Aside from delighting us as the hilarious Tom Haverford on Parks and Recreation, Aziz Ansari has also won our admiration for being one of the biggest and funniest working comedians today. The 32-year-old has made a name for himself with his brilliant and often insightful comments on love and dating in the modern era.
So it’s fitting that when it came time for Ansari to write a book, he decided not to simply write a humorous memoir but to actually delve deep into how romance works in the age of smartphones and the Internet. In his book “Modern Romance,” Ansari and his writing partners took months of research and focus group results and put together a fascinating look at how dating has changed over the last several decades. We came away from “Modern Romance” a little wiser about how love works nowadays.
Here are five things Ansari taught us about “Modern Romance”:
The search for a soul mate used to be much smaller
Ansari points to a 1932 University of Pennsylvania study that showed that one third of married couples had previously lived within a five-block radius of each other – and studies in other cities and small communities showed similar results. Even if the local dating pool was too small, people would only expand their search as far as was necessary to find a mate.
“Think about where you grew up as a kid, your apartment building or your neighborhood,” Ansari writes. “Could you imagine being married to one of those clowns?”
The shift in perspective there, Ansari posits, is likely due to the fact that people today get married later than they used to.
“For the young people who got married in the 1950s, getting married was the first step in adulthood,” Ansari points out. “Now, most young people spend their twenties and thirties in another stage of life, where they go to university, start a career, and experience being an adult outside of their parents’ home before marriage.”
More options may actually be hurting your romantic future
Online dating may make you think you have better chance of finding your soul mate, but Ansari points to The Paradox of Choice” by Swarthmore College professor Barry Schwartz, which shows that more options can actually make it more difficult to make a decision.
“How many people do you need to see before you know you’ve found the best?” asks Schwartz. “The answer is every damn person there is. How else do you know it’s the best? If you’re looking for the best, this is a recipe for complete misery.”

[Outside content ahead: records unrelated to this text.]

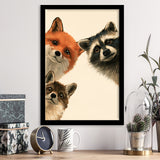 Foxs And Raccoon Funny Portrait Painting Art, Kid Room Painting, Pet Lover Art, Framed Art Print, Fine Art Wall Decor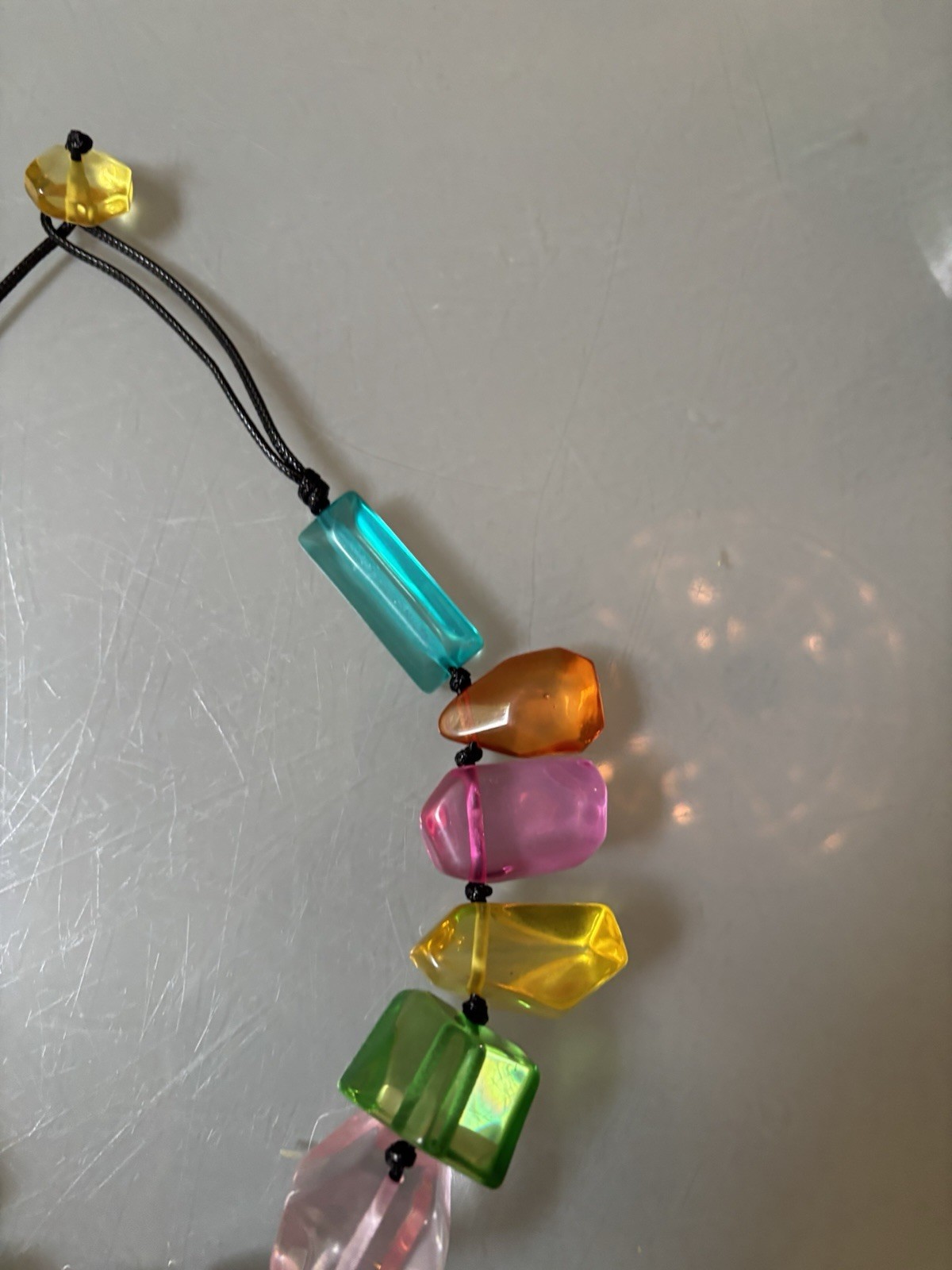 NWOT Statement Bib Chunky Multi Color Rainbow Stones Resin Anthropologie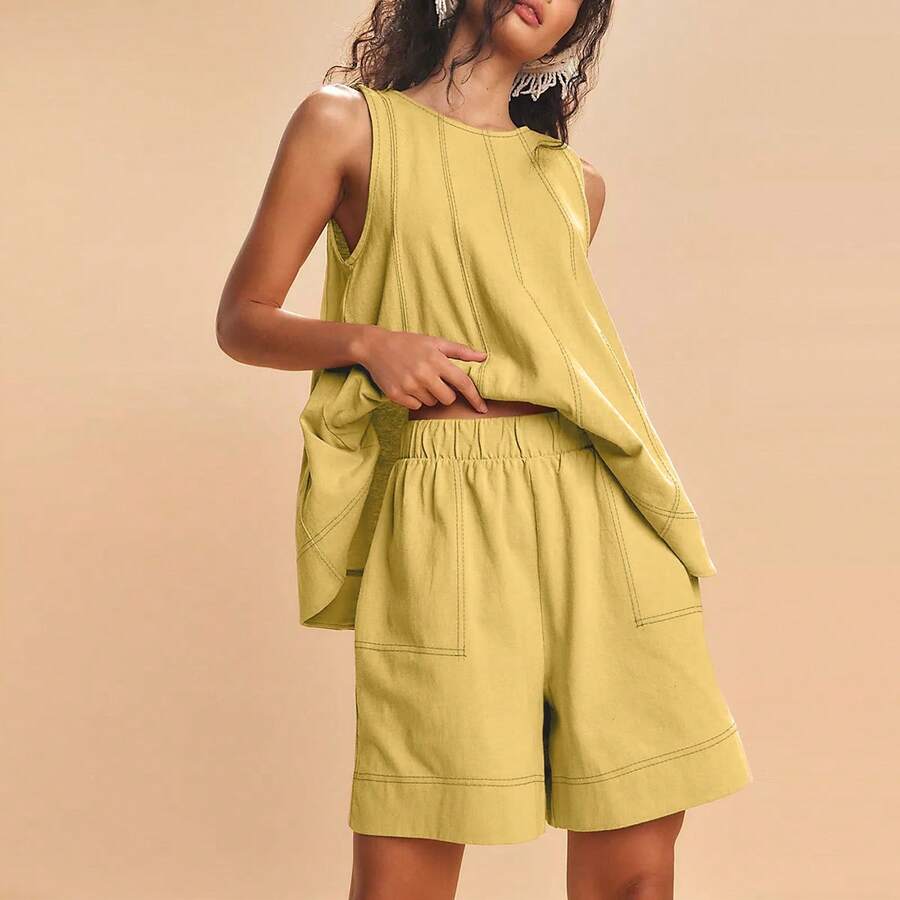 Women's 2 Piece Casual Matching Sets Sleeveless Tank Tops High Waist A Line Shorts Contrast Stitching With Pockets Summer Beach Outfit - 黃色 - 查看 1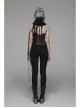 Right Metal Zipper Left Lace-Up Irregular Hem Black Gothic Lace Scarf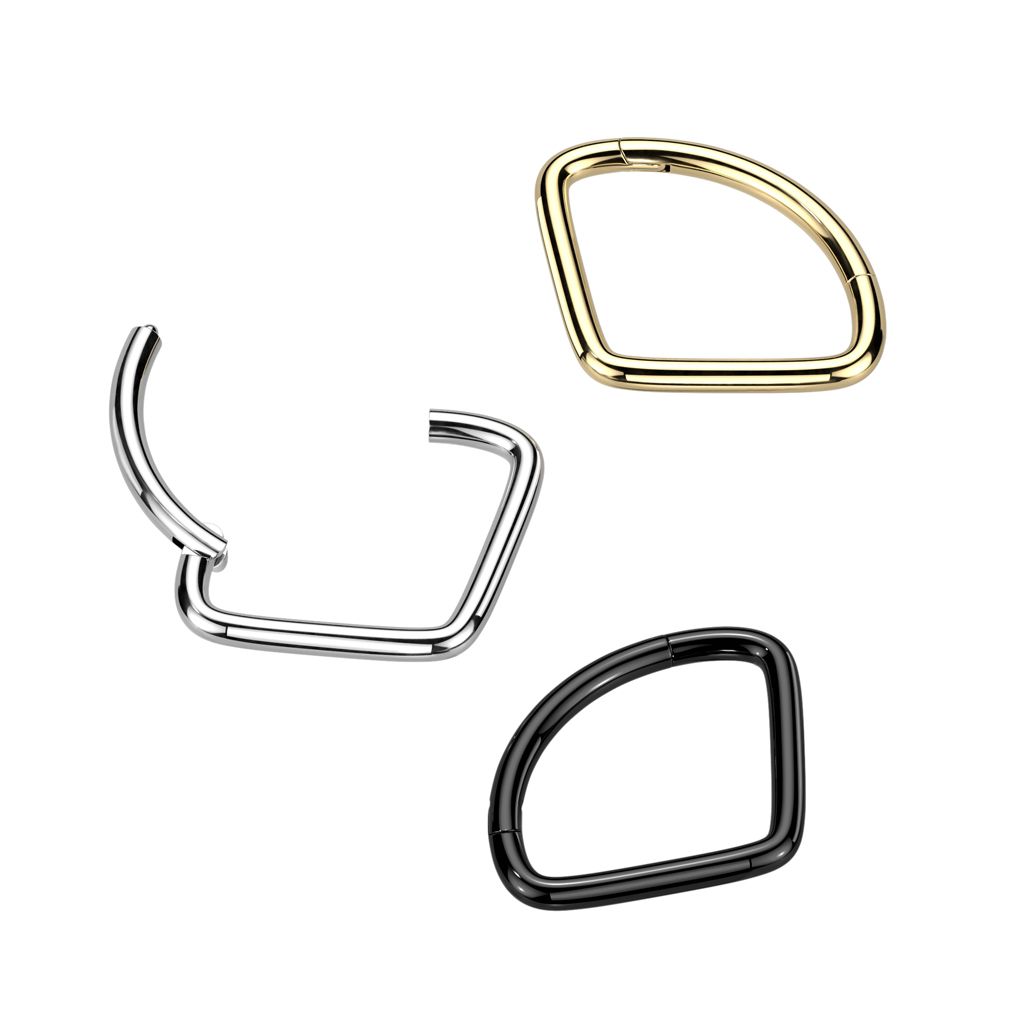 Titanium hinged ring in chevron design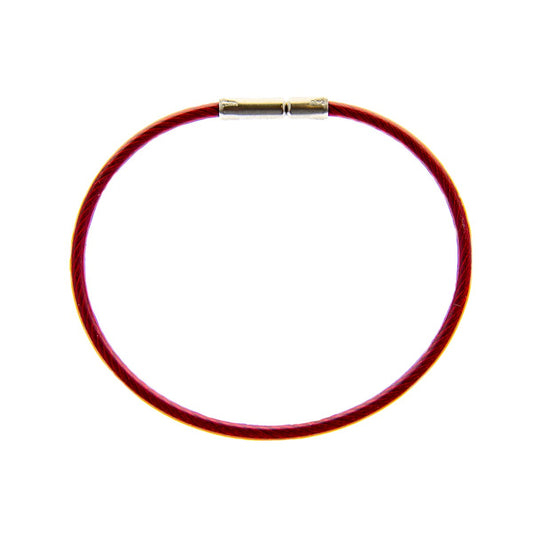Flyboys XXL Checklist Ring 2.5 inch diameter dark red flexible wire cable with silver metal clasp against white background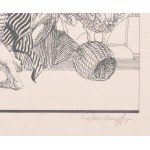 Duschanek János (1947-2013): Akhilleusz látogatása. Szitanyomat, papír, jelzett, számozott: 50/18, 31×45 cm...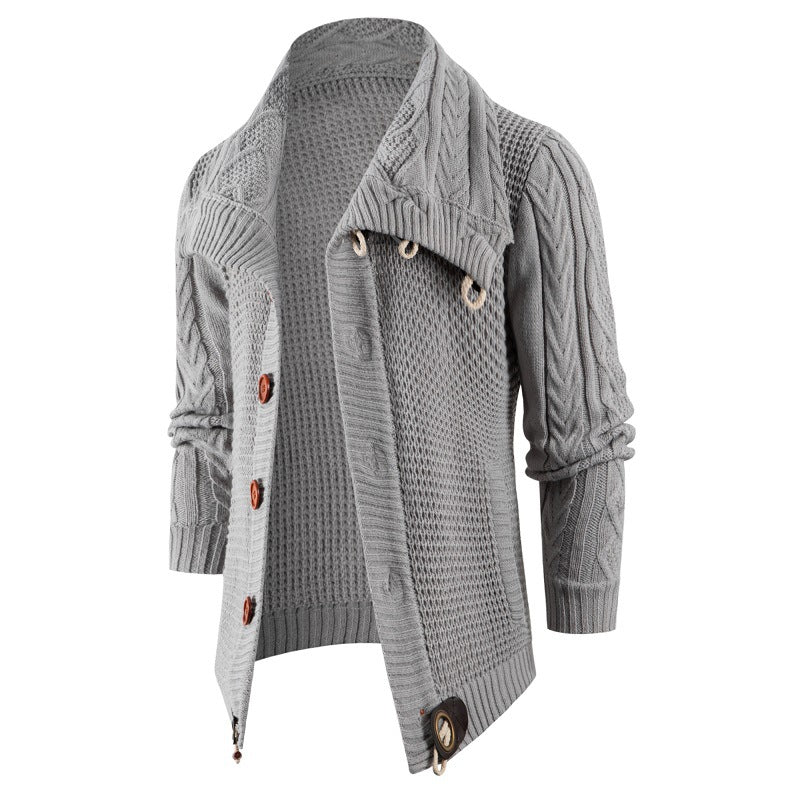 Herren Grobstrick Strickjacke mit umschlagbarem Halsausschnitt EB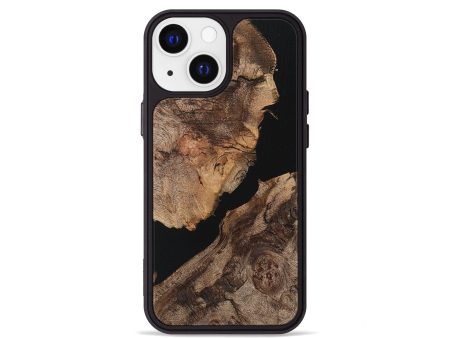 iPhone 13 mini Wood+Resin Phone Case - Eduardo (Pure Black, 708855) For Cheap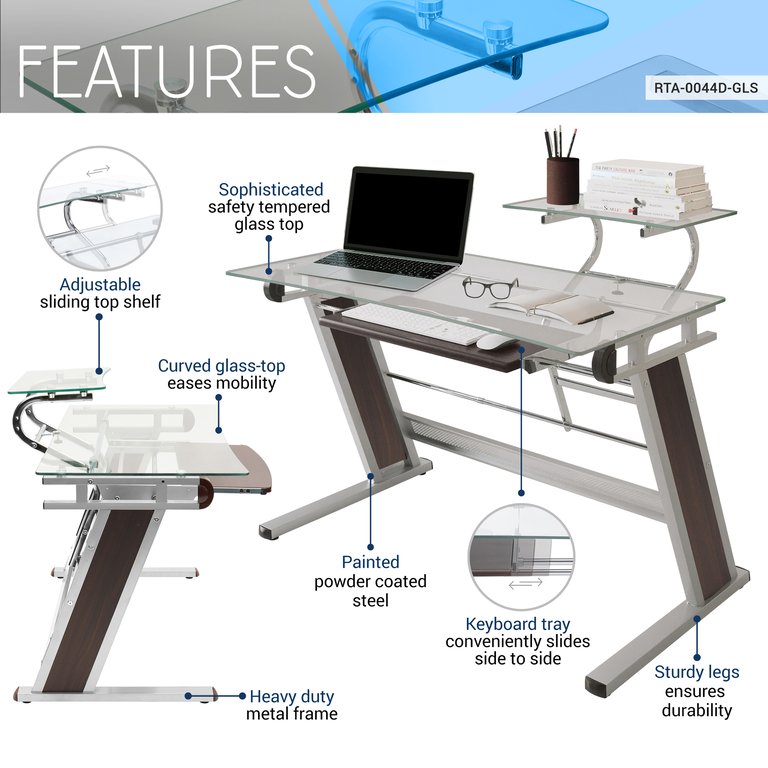 Home Office Workstation with Sturdy Chrome Base - Glass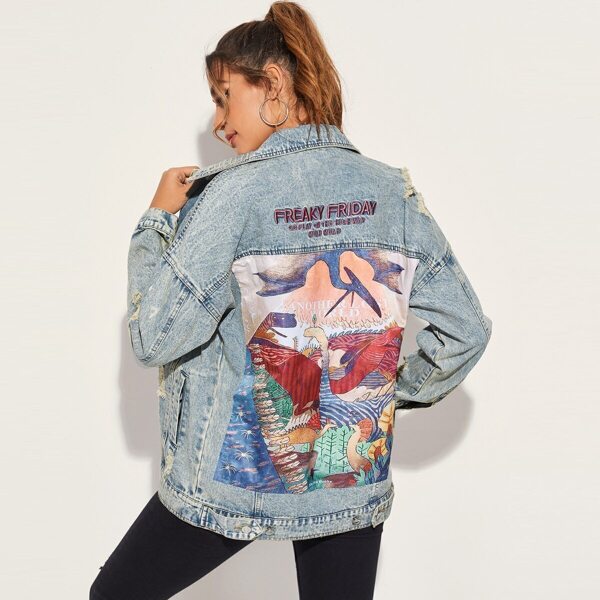 

Cartoon Print Ripped Denim Jacket, Blue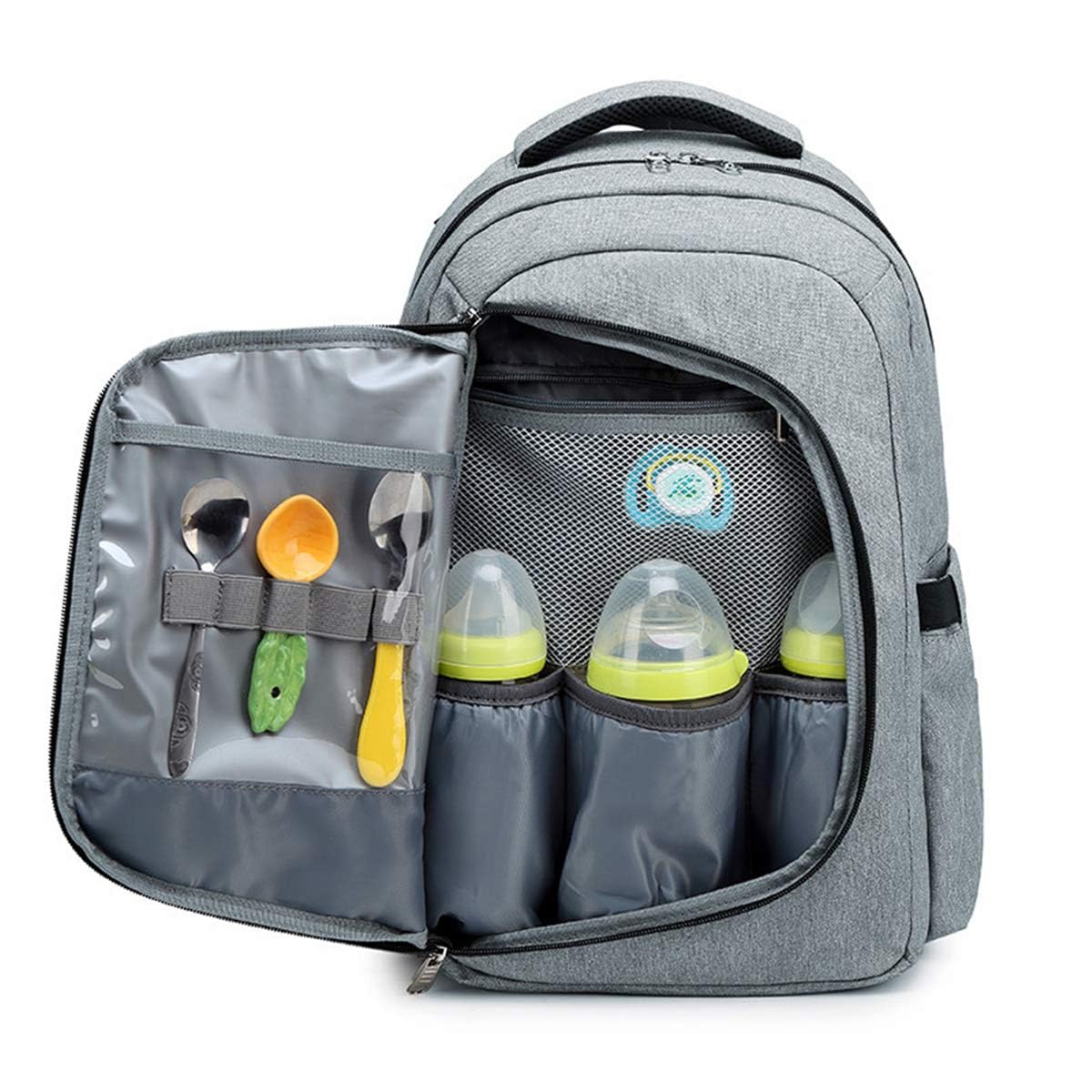 Snapwish Travel Diaper Backpack for Dads - Baby Changing Bag with Stroller Straps & Pad, Light Grey Unisex Diaper Bag | Perfect for Parenting Outings, Travel & Daily Use with Toddlers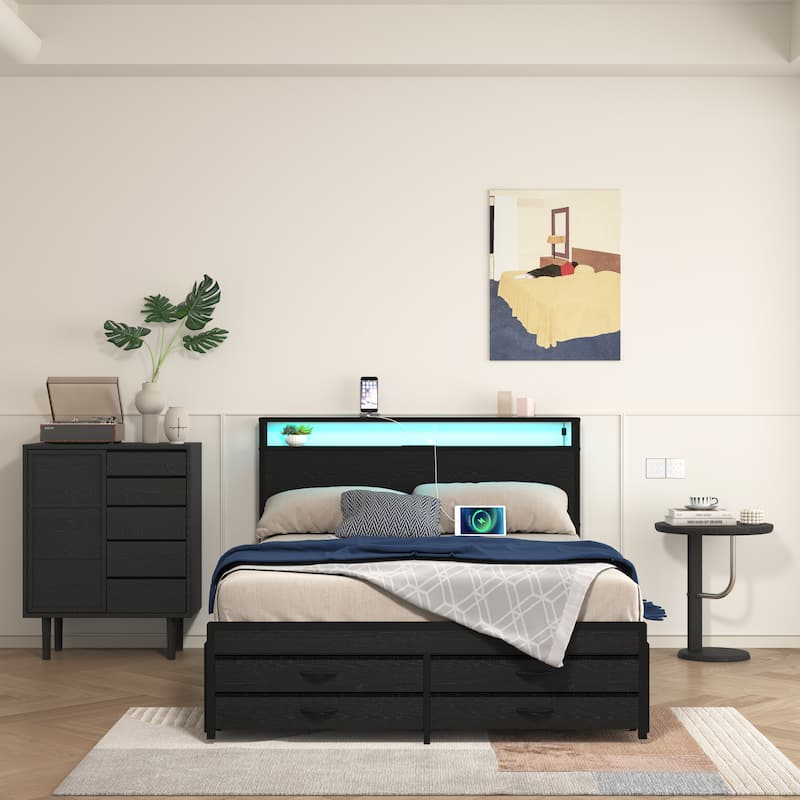 Black Platform Bed Metal Slat Support Frame with 8 Drawers, LED Headboard and Charging Station, No Box Spring Needed Storage Bed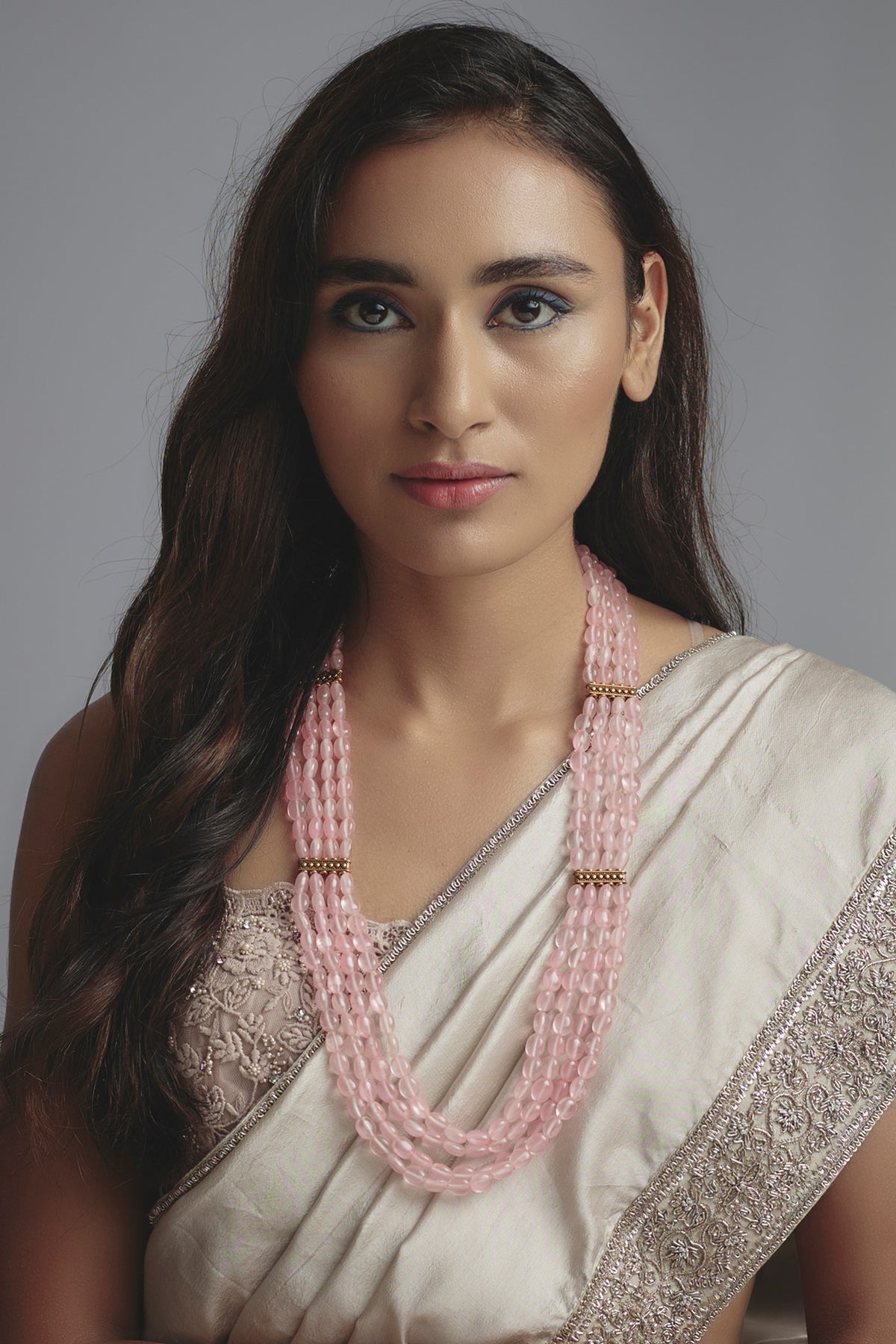 Gold Finish Pink Beaded Layered Necklace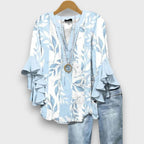 Blouse met bloemenprint, V-hals en ruchemouwen voor dames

LGBT folks make use of online dating more than heterosexual people
While more people than ever have found their significant others through the magic of online dating, Ansari cites studies that show that online dating is “dramatically more common among same-sex couples than any way of meeting has ever been for heterosexual or same-sex couples of in the past.” In 2005, nearly 70 per cent of the same-sex couples surveyed in the study had first met on the Internet – we can only assume that number is even higher a decade later.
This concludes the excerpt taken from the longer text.